[Data items]
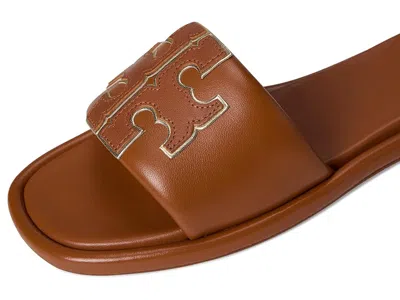 Tory Burch Double T Sport Slide Sandals In Brown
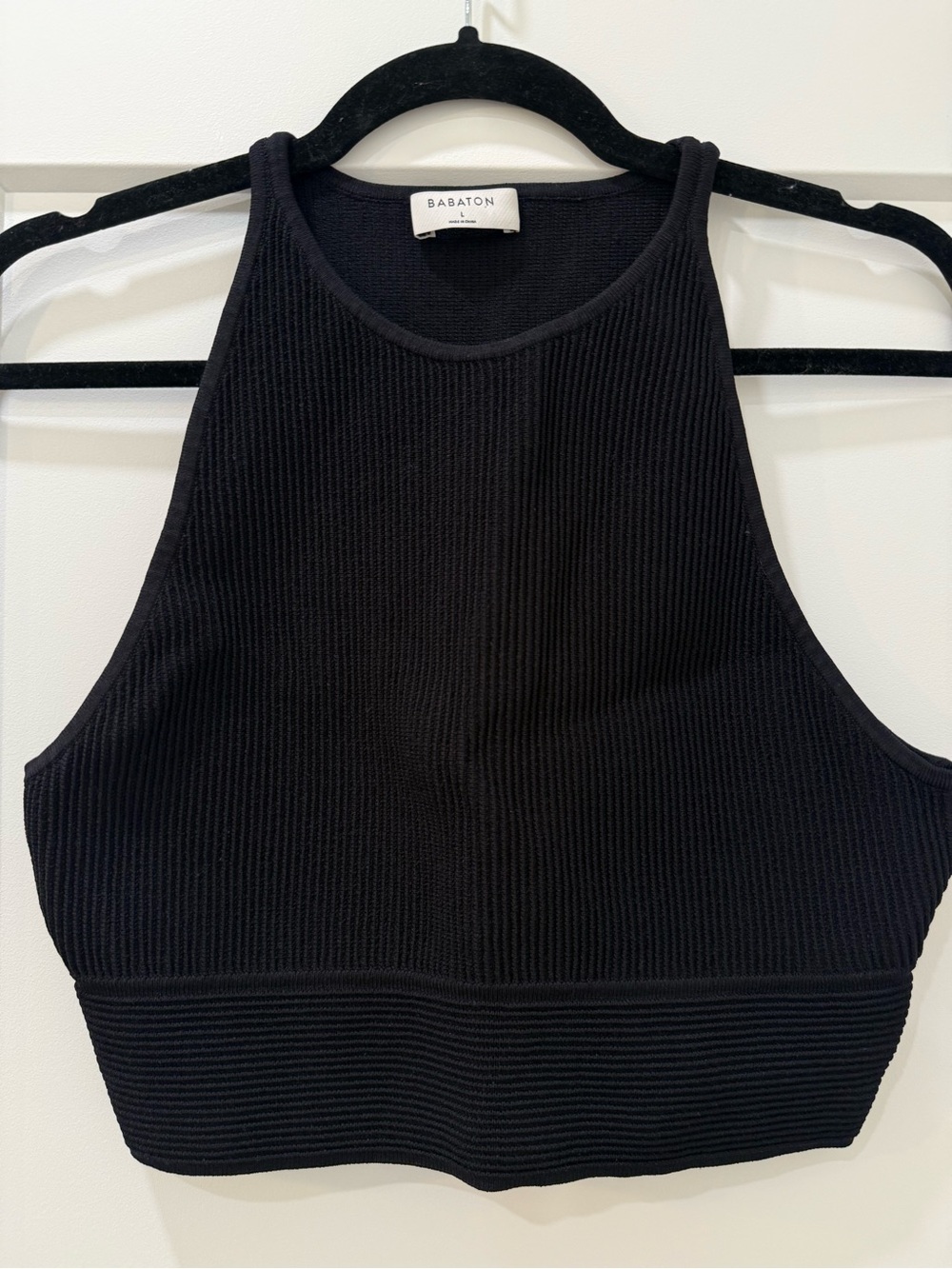 Aritzia Babaton Sculpt Knit High Neck Black Tank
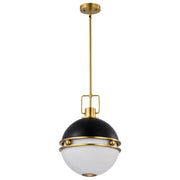 Everton Pendant Light, Vintage Brass Accent, Etched Opal Glass - Bees Lighting
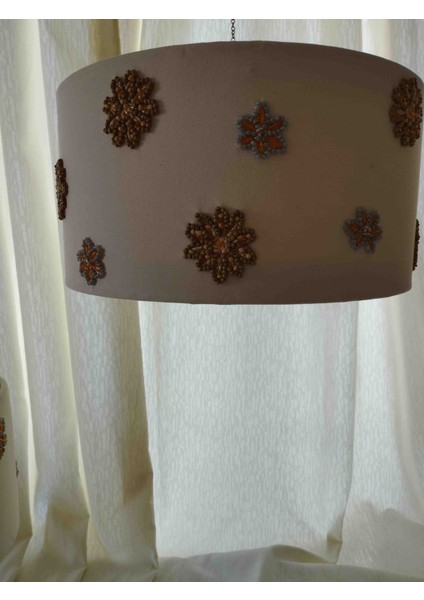 Çiçek Desenli Abajur - Krem - Organik & El Yapımı fiyatları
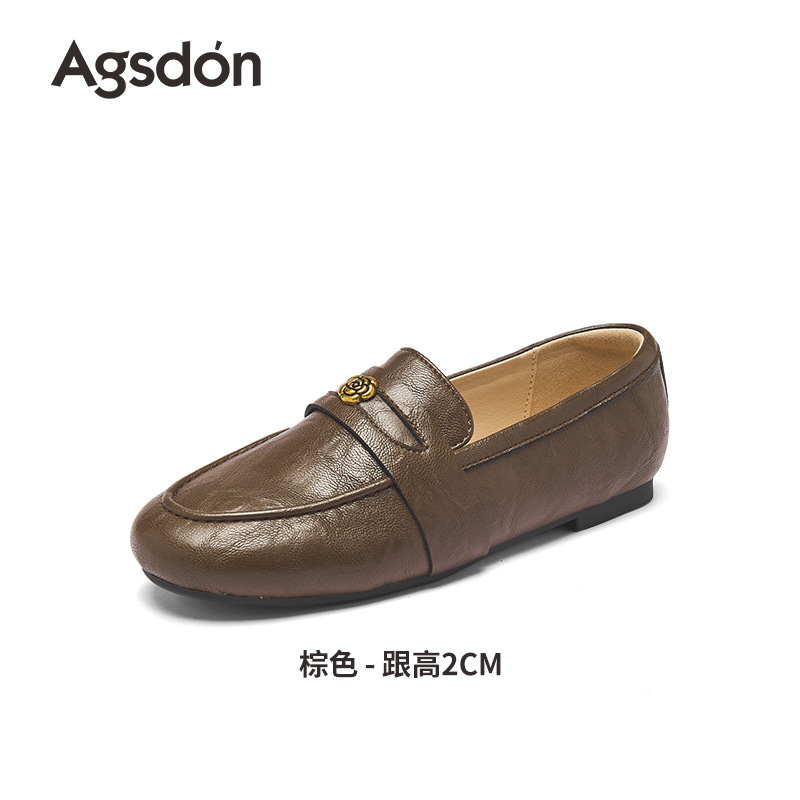 Augusto Lion negro Lefour zapatos para mujeres 2025 nuevo invierno británico zapatos de cuero pequeños con un zapato de pelo de lana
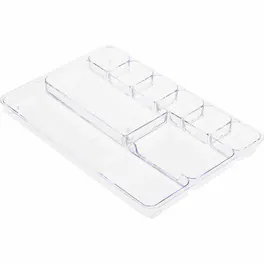 Lorell - Drawer Tray Organizer 9 Compartment(s) 1.18" Height x 9.13" Width x 13.98" Length Plastic 1 Each - Clear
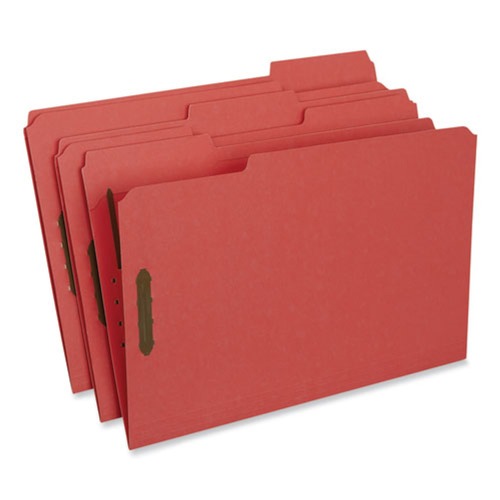 Universal UNV13527 Deluxe Reinforced 1/3-Cut Top Tab Legal Size Folders with (2) Fasteners - Red (50/Box) image number 0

What is being asked -> Print, exactly and without pictures, the lines from the one holding "Augusto Lion negro" through the last line of the entries above, both included.

Reply to the task ->
 Augusto Lion negro Lefour zapatos para mujeres 2025 nuevo invierno británico zapatos de cuero pequeños con un zapato de pelo de lana
 Lorell - Drawer Tray Organizer 9 Compartment(s) 1.18" Height x 9.13" Width x 13.98" Length Plastic 1 Each - Clear
 Universal UNV13527 Deluxe Reinforced 1/3-Cut Top Tab Legal Size Folders with (2) Fasteners - Red (50/Box) image number 0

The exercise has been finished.